Weekly Contest 189

https://leetcode.com/contest/weekly-contest-189

Number of Students Doing Homework at a Given Time

Given two integer arrays startTime and endTime and given an integer queryTime.

The ith student started doing their homework at the time startTime[i] and finished it at time endTime[i].

Return the number of students doing their homework at time queryTime. More formally, return the number of students where queryTime lays in the interval [startTime[i], endTime[i]] inclusive.

Example 1:
Input: startTime = [1,2,3], endTime = [3,2,7], queryTime = 4
Output: 1
Explanation: We have 3 students where:
The first student started doing homework at time 1 and finished at time 3 and wasn’t doing anything at time 4.
The second student started doing homework at time 2 and finished at time 2 and also wasn’t doing anything at time 4.
The third student started doing homework at time 3 and finished at time 7 and was the only student doing homework at time 4.

LeetCodeleetcode.com/problems/number-of-students-doing-homework-at-a-given-time

Solution

public int busyStudent(int[] startTime, int[] endTime, int queryTime) {        
    int res = 0;
    for (int i = 0; i < startTime.length; i++) {
        if (startTime[i] <= queryTime && endTime[i] >= queryTime) {
            res++;
        }
    }
    return res;
}

Rearrange Words in a Sentence

Given a sentence text (A sentence is a string of space-separated words) in the following format:

First letter is in upper case.
Each word in text are separated by a single space.
Your task is to rearrange the words in text such that all words are rearranged in an increasing order of their lengths. If two words have the same length, arrange them in their original order.

Return the new text following the format shown above.

Example 1:

Input: text = “Leetcode is cool”
Output: “Is cool leetcode”
Explanation: There are 3 words, “Leetcode” of length 8, “is” of length 2 and “cool” of length 4.
Output is ordered by length and the new first word starts with capital letter.

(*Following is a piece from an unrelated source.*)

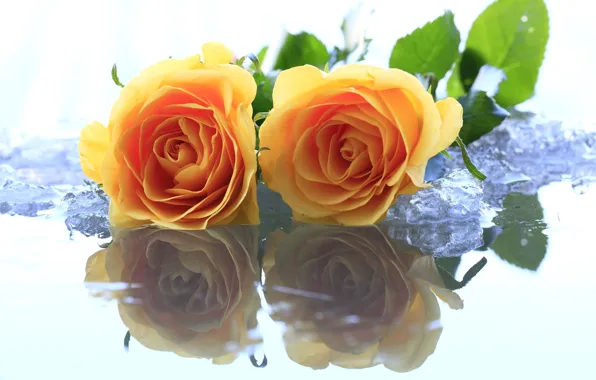 Ice, water, flowers, yellow, roses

LeetCodeleetcode.com/problems/rearrange-words-in-a-sentence

Solution

public String arrangeWords(String text) {
    if (text.length() == 0) {
        return text;
    }
    
    text = (char)(text.charAt(0) + 32) + text.substring(1,text.length());
    String[] str = text.split(" ",0);
    
    Arrays.sort(str, (o1,o2) ->o1.length() - o2.length());
    
    StringBuilder res = new StringBuilder();
    for (String s: str) {
        res.append(s);
        res.append(" ");
    }
    text = res.toString().substring(0,res.length()-1);
    text = (char)(text.charAt(0) - 32) + text.substring(1,text.length());
    return text;
}

People Whose List of Favorite Companies Is Not a Subset of Another List

Given the array favoriteCompanies where favoriteCompanies[i] is the list of favorites companies for the ith person (indexed from 0).

Return the indices of people whose list of favorite companies is not a subset of any other list of favorites companies. You must return the indices in increasing order.

Example 1:
Input:favoriteCompanies = [[“leetcode”,”google”,”facebook”],[“google”,”microsoft”],[“google”,”facebook”],[“google”],[“amazon”]]
Output: [0,1,4]
Explanation:
Person with index=2 has favoriteCompanies[2]=[“google”,”facebook”] which is a subset of favoriteCompanies[0]=[“leetcode”,”google”,”facebook”] corresponding to the person with index 0.
Person with index=3 has favoriteCompanies[3]=[“google”] which is a subset of favoriteCompanies[0]=[“leetcode”,”google”,”facebook”] and favoriteCompanies[1]=[“google”,”microsoft”].
Other lists of favorite companies are not a subset of another list, therefore, the answer is [0,1,4].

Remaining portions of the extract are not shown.